PARIS - Après le match, l'atmosphère était assez passionnée dans les abords du vestiaire marseillais. M. Zaraya, entouré de journalistes, du délégué au match et de joueurs, s'indignait de l'arbitrage de M. Taieb, histoire des penalties et surtout prolongation insolite du match qui permettait au Racing de marquer le but de la victoire.

Le délégué au match disait : "Bien sur le match a duré 1 minute 40 secondes de plus que le temps réglementaire, mais l'arbitre est seul juge pour déterminer le temps des arrêts de jeu".

La discussion se poursuivit dans et hors les vestiaires. Je décidai d'aller à la source en interrogeant à la source, c'est-à-dire l'arbitre.

M. Taieb a l'air tout surpris de me voir dans son vestiaire. Il se refuse, d'abord, à toute déclaration. Comme j'insiste (poliment) il me dit : "Voici ce que je peux vous dire officieusement. Regardez mon chronomètre. Il est arrêté à une seconde près, sur les 45 minutes".

Puis d'un ton agressif : "D'ailleurs, en tant que journaliste, vous devriez connaître l'article 5 du règlement qui donne tout pouvoir à l'arbitre pour prolonger le match d'après les arrêts de jeu.
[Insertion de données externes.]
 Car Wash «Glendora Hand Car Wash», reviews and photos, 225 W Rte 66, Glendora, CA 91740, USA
Or j'ai aidé à transporter Chicha sur la touche lorsqu'il a été blessé ; puis quelques minutes avant la fin, j'ai interrompu la partie pour donner un avertissement à Lelong. Je suis forte de mon droit. Tout ceci dit officieusement, bien entendu, puisque je n'ai pas le choix de vous faire de déclaration.
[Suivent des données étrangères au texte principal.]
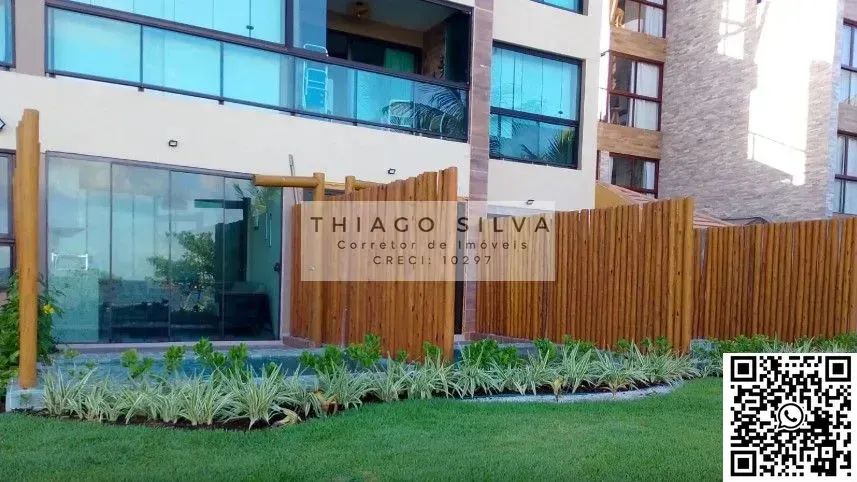Flat em Tamandare - Foto 5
M. Taieb n'ajouta pas : "Rompez", mais je comprends que l'entretien est terminé.

Zaraya : "Je réclame"

Quelques minutes plus tard, M. Zaraya me dit son intention d'écrire à la ligue pour protester contre le mauvais arbitrage de M. Taieb, mais ajoute M. Zaraya : "Je ne me fais aucune illusion sur l'efficacité de cette démarche."

RAMON : "la bonne mère"

Un peu plus loin, Ramon me demande : "mais qu'est-ce qu'on a fait à la bonne mère !
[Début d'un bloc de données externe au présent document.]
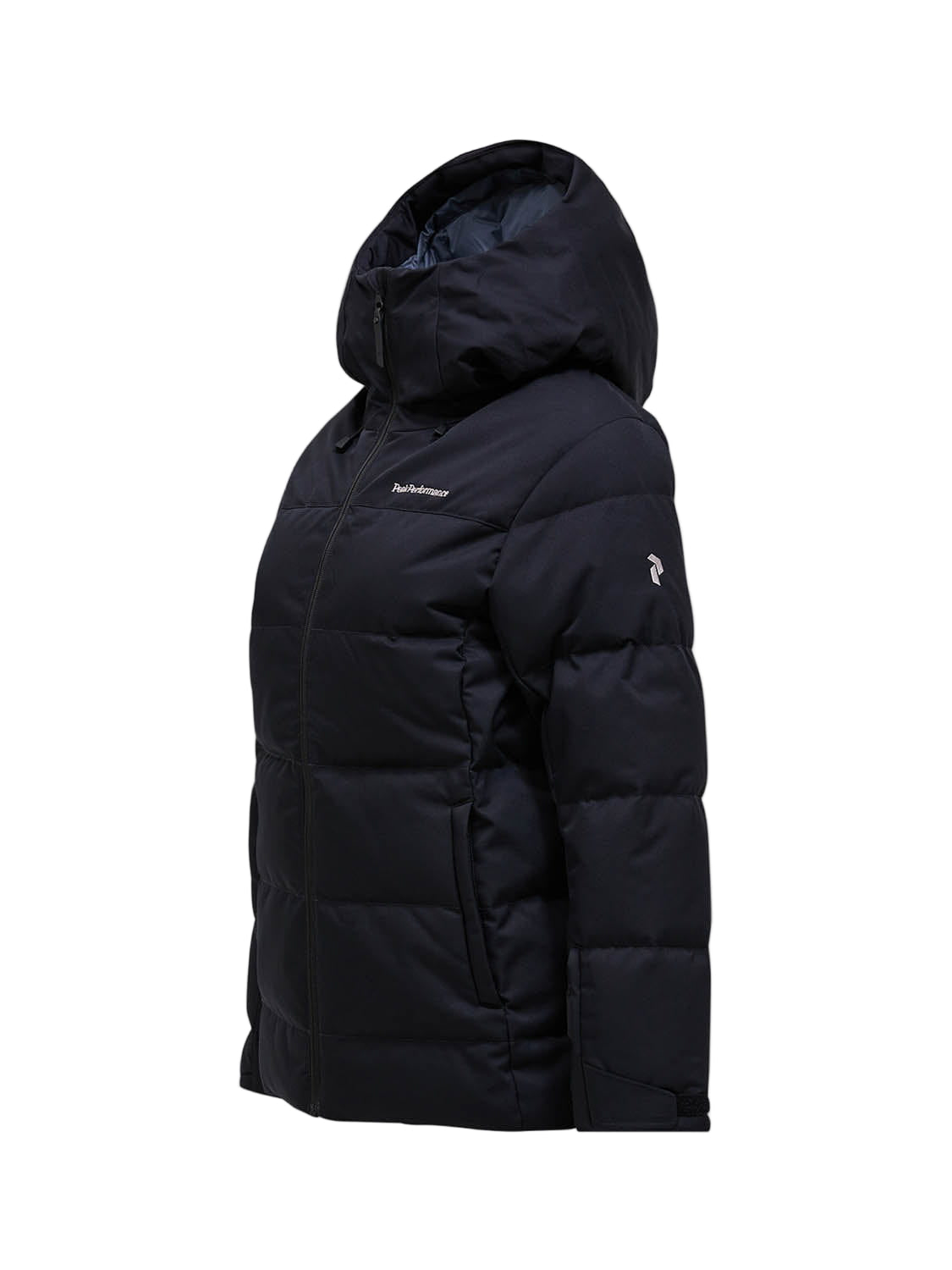 Women's Shred Down Jacket Peak Performance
En ce jour de Pâques, je suis dans l'impossibilité de répondre à l'arrière marseillais.

Pibarot : "Nous revenons de loin"

Dans le vestiaire adverse, on a le sourire. Les joueurs s'inquiètent, surtout des résultats obtenus par Nîmes, Nice et Reims. Quant à l'entraîneur Pibarot, il nous dit simplement (et calmement) : "Nous revenons de loin".